When I spoke with actor Géza Röhrig and director/co-writer László Nemes on December 12, 2015, I knew it was going to be a serious conversation. I also knew that it was going to be as insightful as their film, SON OF SAUL. We started the interview with my asking why these two would want to immerse themselves for the time necessary to make the film about this time, this place, and this story of the Sonderkommando, concentration camp prisoners who do the work of leading fellow prisoners to the gas chamber, and then taking the bodies to the crematoria for disposal for so long. Rohrig, plays Saul, a member of the Sonderkommando, and his reasons turned out to be very personal, as he recalled learning for the first time, at age 12, about his own family members who had been murdered by the Nazis, and the effect to telling him about it had on his grandfather. Nemes talked about his sense of anger that had always been there for him, as well as the lack of understanding, that latter being what has spurred him to make not just SON OF SAUL, but also three short films previous to it, films that all dealt, in strikingly original, thought-provoking ways, with how everyday people dealt with their fellow citizens suddenly being reduced to subhuman status.
He went on to discuss why he wanted to take audiences out of their comfort zone, confront them with the reality of death, and how the cinematography of shallow depth-of-field and stunning tracking shots, were integral to that. I then asked Rohrig to describe the effect of such close-ups, as well as the rigors of tracking shots on his acting choices, and how he used the emotional deadness of expression that is one of the manifestations of PTSD, to express what the film as a whole does so beautifully: the desperate clinging to humanity when all is lost.

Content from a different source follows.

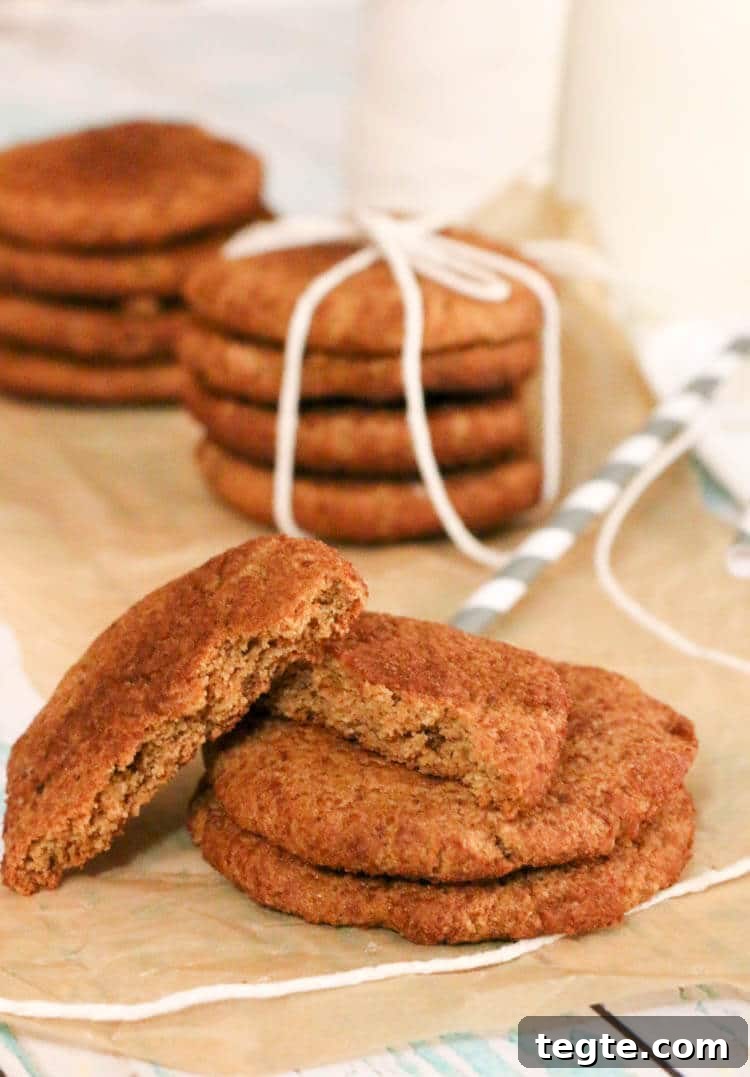 Paleo Snickerdoodle Recipe (Gluten-Free Video Tutorial) 2 Paleo Snickerdoodles - these gluten free cookies have 6 simple ingredients. Crispy on the outside and chewy on the inside. #paleo #cookies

SON OF SAUL is set in Auschwitz near the end of World War II, and is one day in the life of Saul, who is part of the Sonderkommando, a group of prisoners kept separate from the others, and who are tasked with leading their fellow Jews into the gas chamber, and then reducing them to ashes in the crematoria at Auschwitz. After months of doing this, Saul suddenly becomes obsessed with providing a proper burial for one of the victims of the gas chamber. Stealing the body, finding a rabbi to perform the Kaddish, and then finding a way to bury the body rather than have it burn like the others, he created friction with his fellow Sonderkommando’s, risking the living for the dead as one puts it to him. To which Saul replies, we are dead already. Using intricate tracking shots, shallow-depth of field, and camera placement that puts us directly, intimately, uncomfortably into the action, we in the audience because participants as well as witnesses, providing an unparalleled insight into what it was like to be trapped in an unthinkable reality. Nemes directed from a script he co-wrote with Clara Royer. The film won several awards at this year’s Cannes Film Festival, including the FIPRESCI Prize, and is the official Hungarian selection for the foreign language Academy Award.